Ogni volta che sulla bacheca di Facebook appare la pubblicità non richiesta con la cover di un reel che ne lascia intuire il soggetto e vedere il numero delle visualizzazioni ottenute fino a quel momento – fino a un milione magari, o a dieci milioni – non si può fare a meno di chiedersi chi saranno mai, tutte le persone che hanno perso anche solo un minuto del loro tempo a guardare il matrimonio di uno sconosciuto, la poppata di un neonato, la preparazione della ricetta di una cuoca fai da te; o i ragazzi in corsa su auto sportive noleggiate per l’occasione. Chi guarda è anestetizzato, un video dopo l’altro contro la noia. Chi pubblica (poi spesso le due categorie si scambiano i ruoli) ha eletto come priorità il non rassegnarsi all’anonimato, al non essere un genio, al non avere qualcosa di particolare da mostrare ai contemporanei. Lo cerca allora disperatamente, questo qualcosa, lo inventa in nome della libertà di espressione, o meglio di una sua distorta interpretazione, in appelli fuori luogo e programmatici al concetto di democrazia.

C’era una volta la televisione, e i critici ne studiavano gli effetti rimarcando i rischi del presenzialismo senza remore cui il piccolo schermo apriva la strada.

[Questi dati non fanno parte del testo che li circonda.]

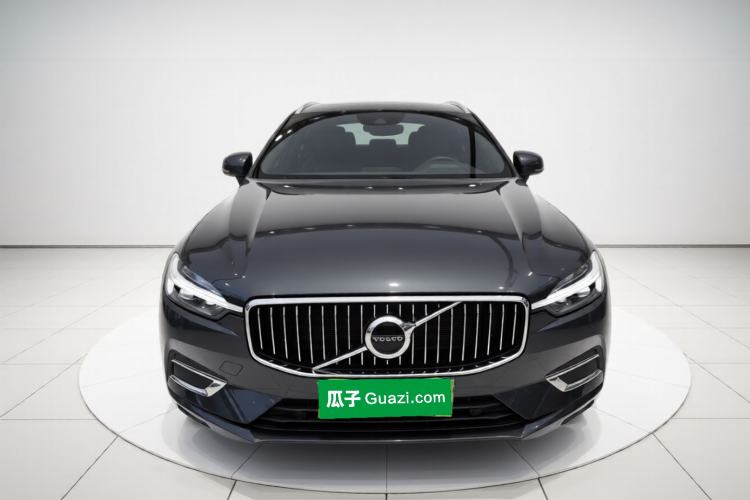 Used Volvo XC60 2021 T5 4x4 Smart Luxury Edition Front
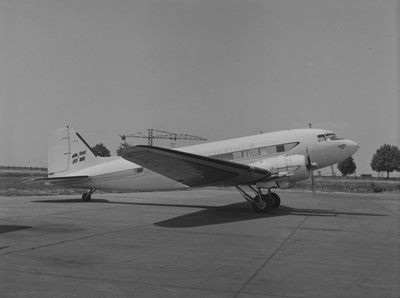 Lot 8 - Aviation negatives. Black and white negatives, circa 1934-2002, approximately 24,500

Con i social tutto è moltiplicato per mille, perché l’accessibilità è molto maggiore, e per contro i limiti prima imposti dallo strumento televisivo sono cancellati dalla “diretta continua”, senza vincoli né ostacoli.

Nel mondo virale dei social tutto è equiparato o equiparabile, in una sfera indefinita di quotidianità banale dove non si distinguono più i livelli, tra le riprese di una gita in montagna e la corsa folle di un’auto che si schianta in tempo reale. Non ci sono più livelli o limiti, perché il prodotto è creato a misura del piccolo rettangolo che è il display dello smartphone: è una montagna di spazzatura digitale che viene guardata presumibilmente per poche ore o pochi giorni, ma infesterà per chissà quanto lo spazio virtuale. Una delle sue maggiori attrattive è la gratuità, perché uno o cento clic non costano nulla. Ci si dimentica però troppo spesso che quanto è gratis per l’utente finale fa guadagnare, spesso a dismisura, chi lo produce e ancora di più chi lo diffonde. La morte di Manuel a Casal Palocco è una tragedia di cui certo i social non sono la causa diretta, sarebbe troppo semplicistico. La storia che ci sta dietro spinge tuttavia a una riflessione sull’indifferenza con cui si continua a incentivare la versione morbosa e voyeuristica dei canali digitali a discapito delle altre funzioni che possono avere come di informazione, di divulgazione delle conoscenze, di apprendimento.

Il potere alla fine appartiene alla mano che tiene il telecomando, pardon lo smartphone. Basterebbe fare altre scelte, boicottare questo circo per farlo crollare in poco tempo, quantomeno per imporgli un cambiamento di rotta. Ma guarda un po’ che strano, dopo il tragico evento che ha fatto parlare così negativamente e allarmisticamente di loro, dopo la risonanza mediatica dei fatti, TheBorderline hanno visto invece aumentare i loro follower; provvedimenti zero e gli incassi sono alle stelle! Non c’è quindi speranza, se non nel naturale esaurirsi del fenomeno che difficilmente potrà però avvenire a breve se le condizioni favorevoli alla sua crescita non si modificano. È allora molto condivisibile, e disperatamente vero, rassegnato, il commento di Claudio Santamaria su quanto avvenuto in questi giorni: “Uno dei mali peggiori del millennio è volersi mettere in mostra col nulla”.